▶ YOUR INSTRUCTIONS
Go to the line with "Elegant round sunglasses" in the records below, then output it and each following line exactly, up to and including the line with "Man making jaggery". Skip pictures and add nothing.

[Crawled caption data]

*** Begin section ***

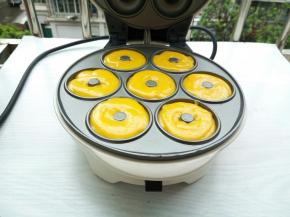 裱花袋剪一小口，一次把面糊挤入甜甜圈模具，盖上盖子，烤3-5分钟，烤至期间，可以打开观察一下成色，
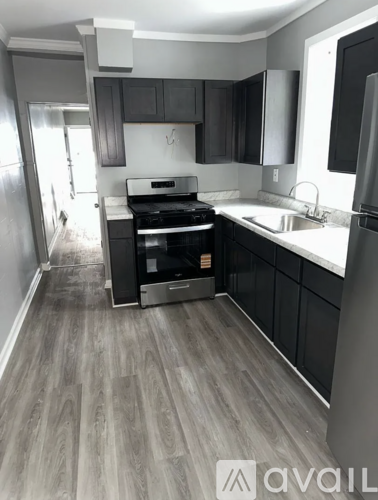 A kitchen with a stove, sink, and refrigerator.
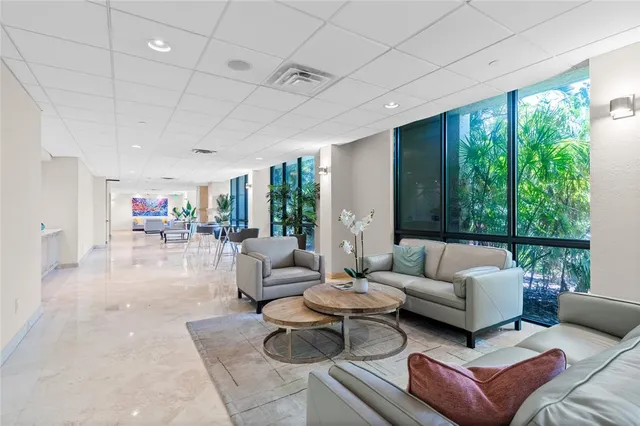 a view of parking garage with cars parked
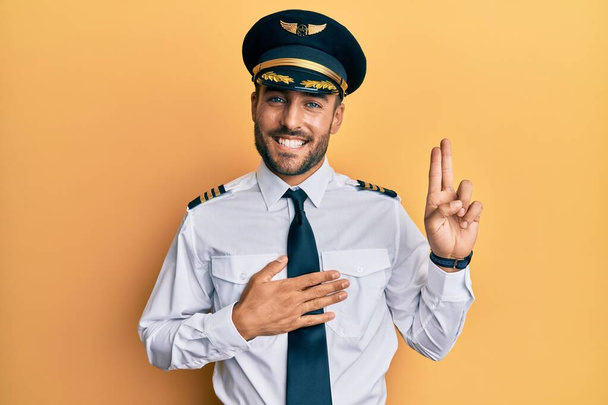 Bonito homem hispânico vestindo uniforme piloto de avião sorrindo jurando com a mão no peito e dedos para cima, fazendo uma promessa de lealdade juramento  - Foto, Imagem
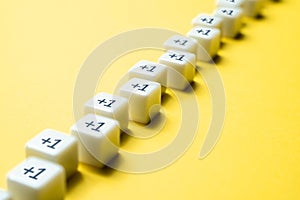 Sequential chain of blocks with plus one. Sequence. Arithmetic progression. Add one more. Increase and growth. A series concept.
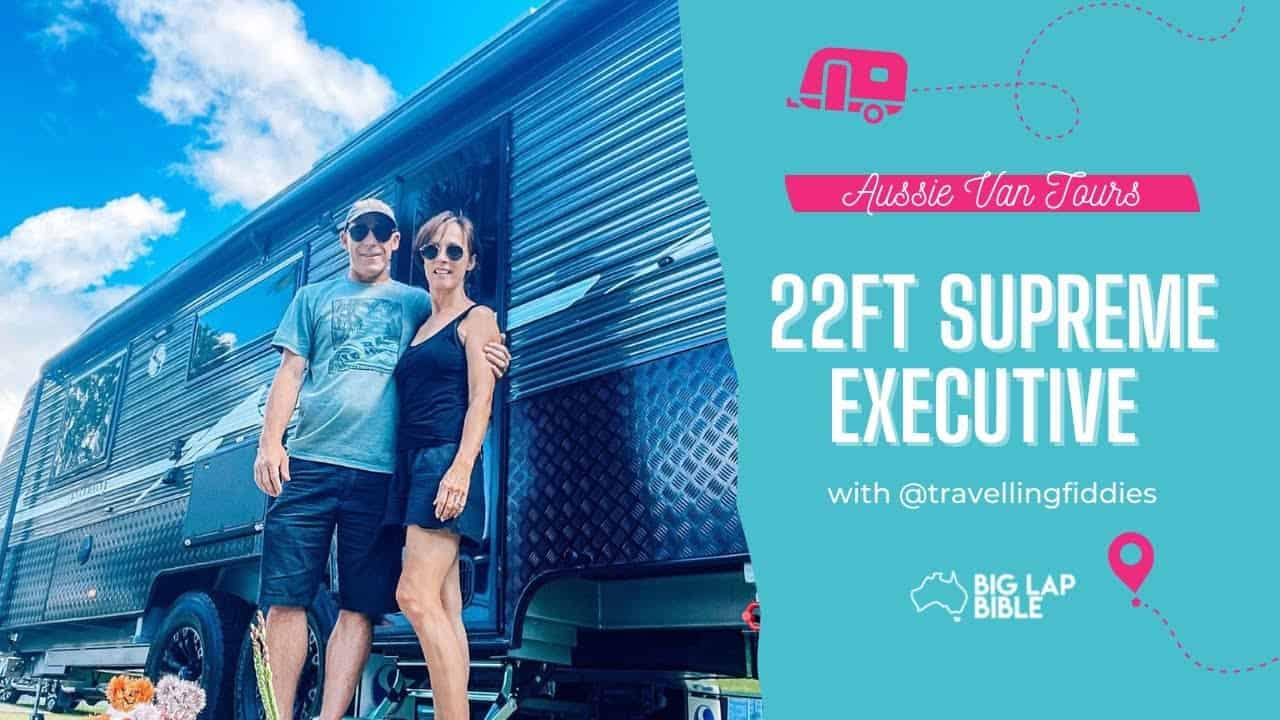 A couple standing in front of a Supreme Executive Caravan.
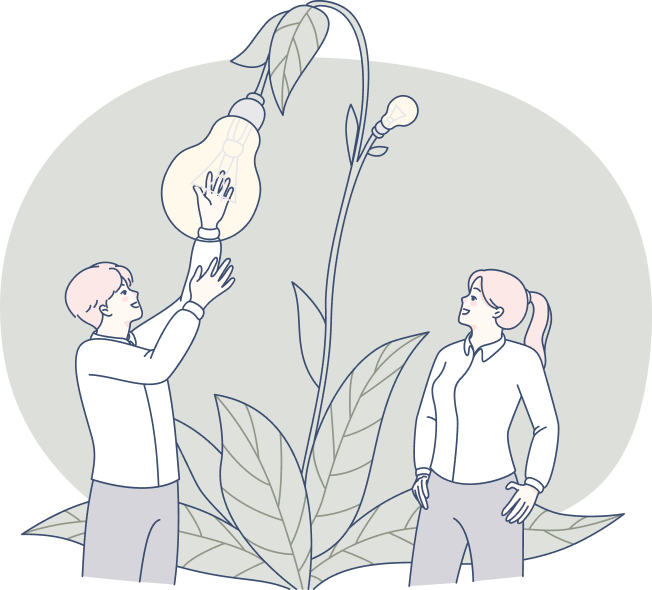 女性と男性が木になっている電球を見ている写真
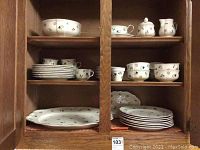 Cabinet with plates, cups, bowls, creamer, sugar bowl, saucers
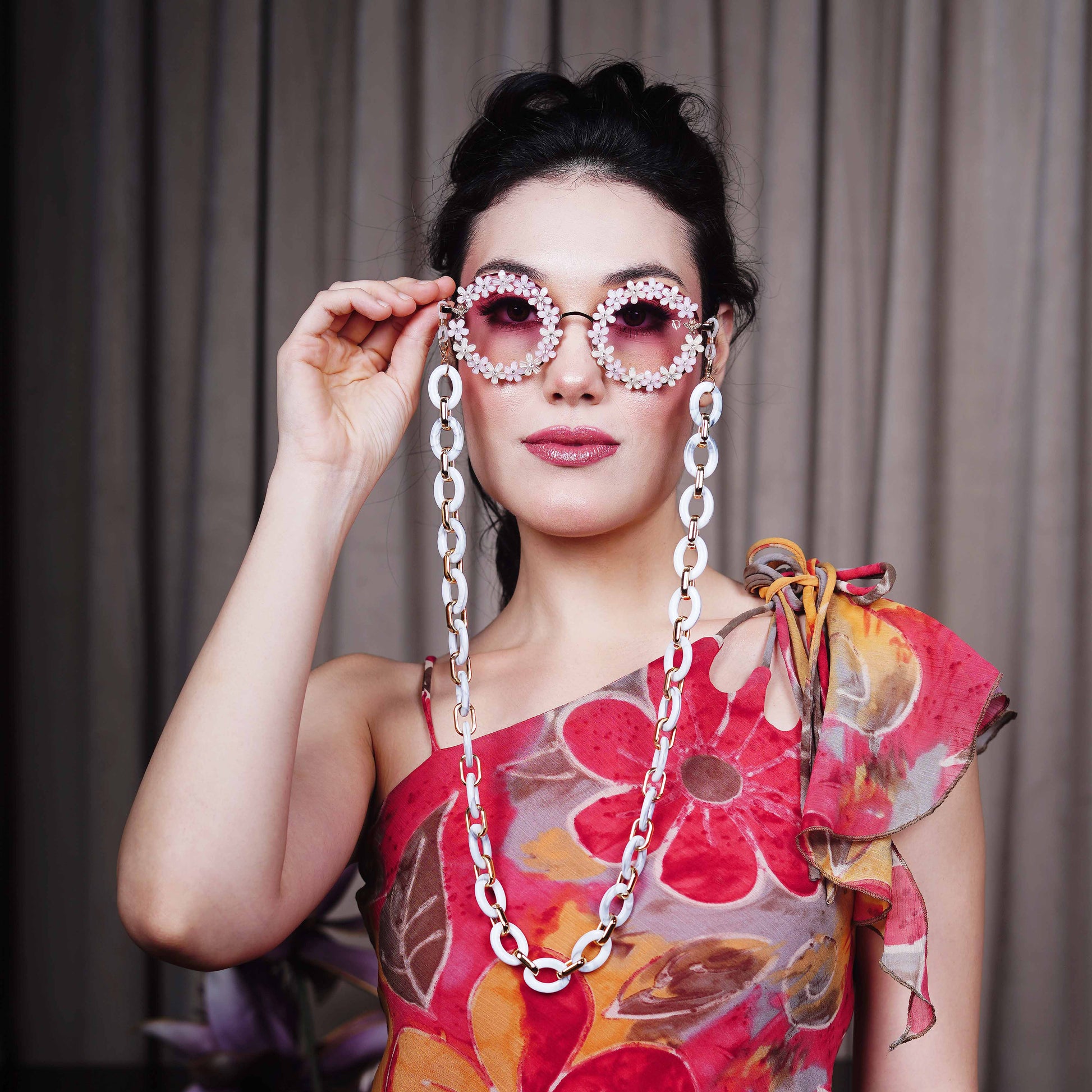 Elegant round sunglasses with floral crystal-studded finishing, adorned with a white funky chain for a playful vibe-front view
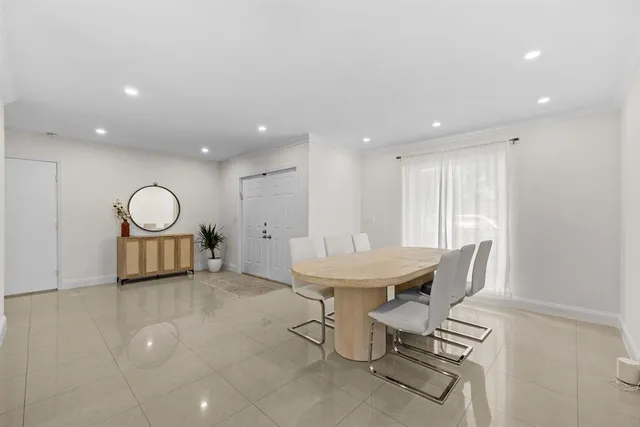 a view of a room with gym equipment and a window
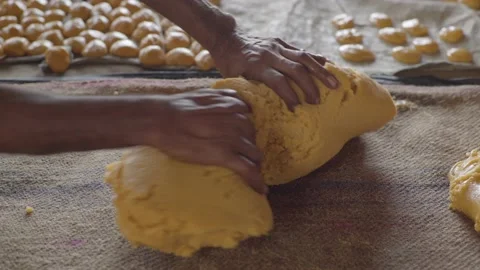 Man making jaggery into small pieces in factory Stock Footage 221889243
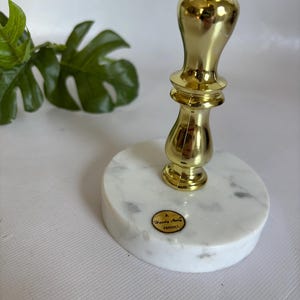 May include: A gold-colored metal candlestick with a marble base. The candlestick has a decorative, ornate design. The base is round, white, and gray-veined. A small, round sticker with text is affixed to the base.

*** End section ***

▶ SOLVED EXERCISE
 Elegant round sunglasses with floral crystal-studded finishing, adorned with a white funky chain for a playful vibe-front view
 a view of a room with gym equipment and a window
 Man making jaggery into small pieces in factory Stock Footage 221889243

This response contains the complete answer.